俺の足は、五十メートル走のタイムが八秒二という、微妙に突っ込みしずらい俊足だが、あいつはそれよりも遥かに速い足で走っている。正面を走っているあいつの背中が、みるみる遠くなっていく。
あいつのタイムは絶対に七秒台だ。いやもっと速いか? すまないが五十メートル走の平均タイムがどのくらいなのか知らないから、具体的な数値は割り出せそうにもない。
二階にも王師の人たちがいたみたいで、あいつと戦闘になったが、一度も刃を交えないで斬られてしまった。

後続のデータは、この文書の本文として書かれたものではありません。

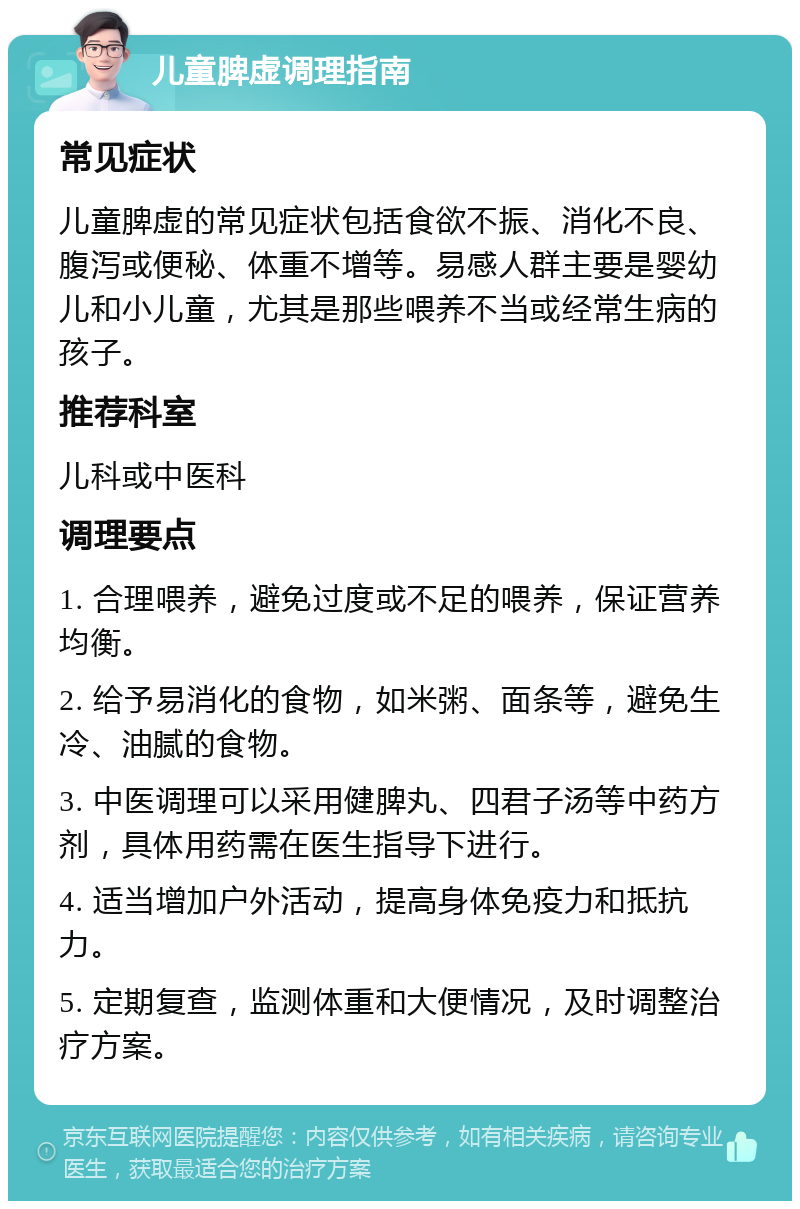 儿童脾虚调理指南 常见症状 儿童脾虚的常见症状包括食欲不振、消化不良、腹泻或便秘、体重不增等。易感人群主要是婴幼儿和小儿童，尤其是那些喂养不当或经常生病的孩子。 推荐科室 儿科或中医科 调理要点 1. 合理喂养，避免过度或不足的喂养，保证营养均衡。 2. 给予易消化的食物，如米粥、面条等，避免生冷、油腻的食物。 3. 中医调理可以采用健脾丸、四君子汤等中药方剂，具体用药需在医生指导下进行。 4. 适当增加户外活动，提高身体免疫力和抵抗力。 5. 定期复查，监测体重和大便情况，及时调整治疗方案。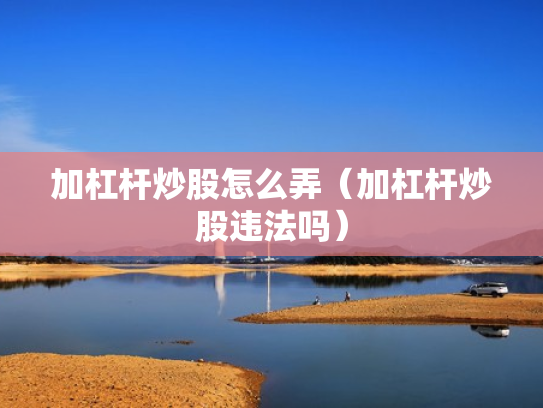 加杠杆炒股怎么弄（加杠杆炒股违法吗）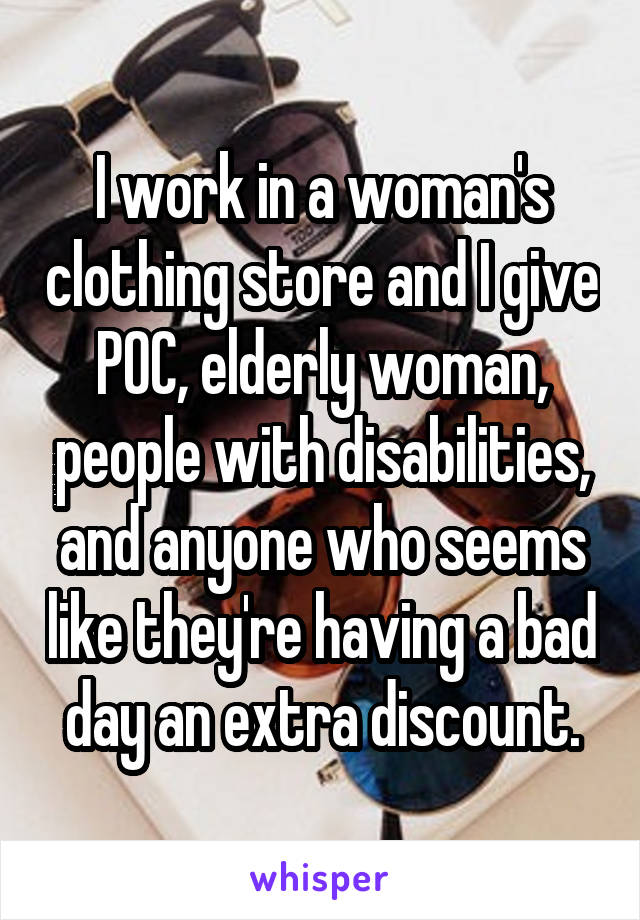 I work in a woman's clothing store and I give POC, elderly woman, people with disabilities, and anyone who seems like they're having a bad day an extra discount.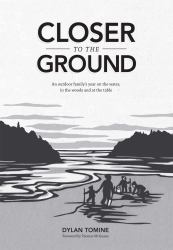 Closer to the Ground : An Outdoor Family's Year on the Water, in the Woods and at the Table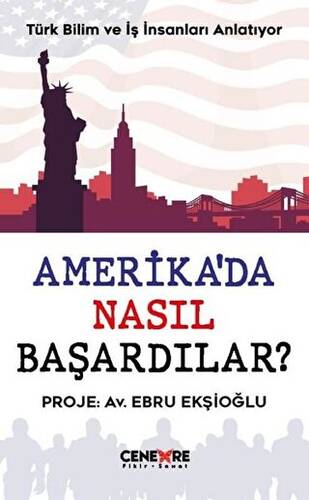 Amerika’da Nasıl Başardılar? - 1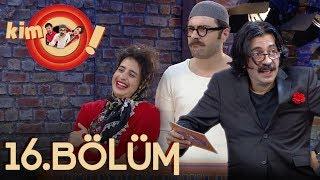 Kim O! 16. Bölüm Tek Parça Full HD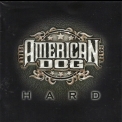 American Dog - Hard '2007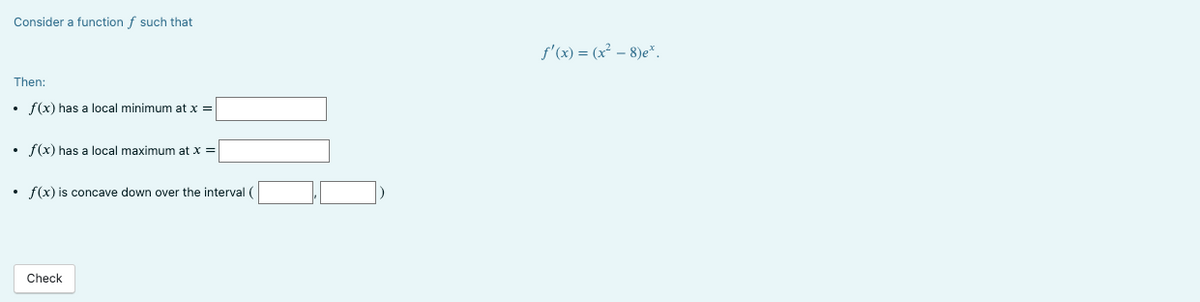 Consider a function f such that
Then:
• f(x) has a local minimum at x =
• f(x) has a local maximum at x =
• f(x) is concave down over the interval
Check
f'(x) = (x² - 8)e*.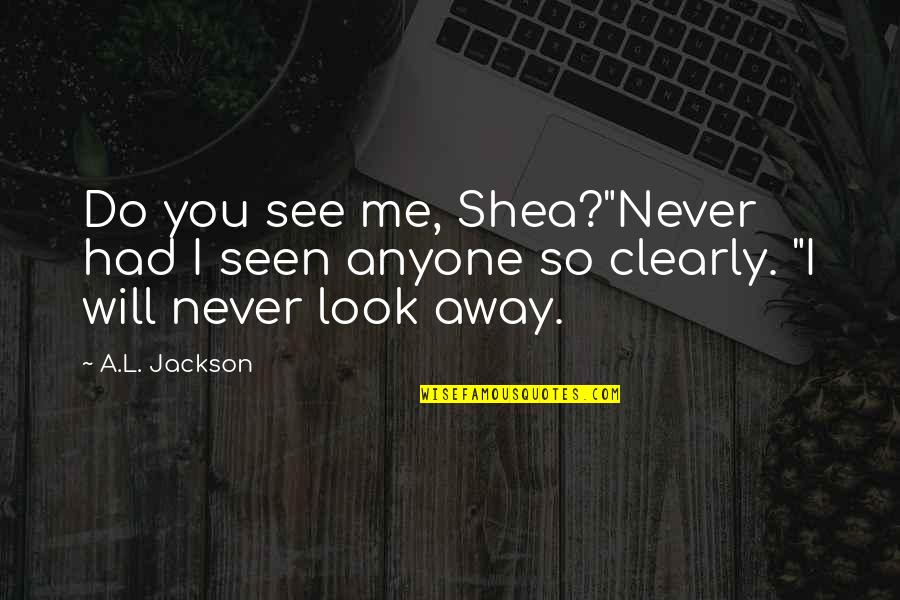 L'ecole Quotes By A.L. Jackson: Do you see me, Shea?"Never had I seen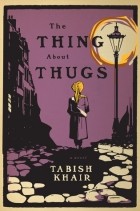 Табиш Хаир - The Thing about Thugs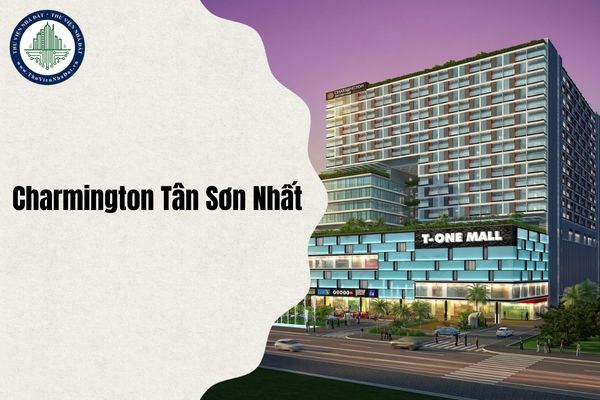 Tổng quan Charmington Tân Sơn Nhất chi tiết nhất 2025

あいつが通りすぎた跡には、一撃で斬られた人たちが死屍累々と横たわっている。
走り抜けるときにちらりと様子を見てみたけど、言語に絶する状態だった。剣で顔面をぶっ刺されたのか、顔の左半分が無残につぶされていたのだ。
向こうの隅っこでたおれている人は、右のわき腹からものすごい深さで斬り上げられたのか、出てはいけないものが出ているし。こんな惨たらしい光景は直視できないから、黙祷しながら屍を超えていくしかない。
「う……」
後ろからうめき声が聞こえたのでふり返る。イーファさんが壁に手をついてうずくまっていた。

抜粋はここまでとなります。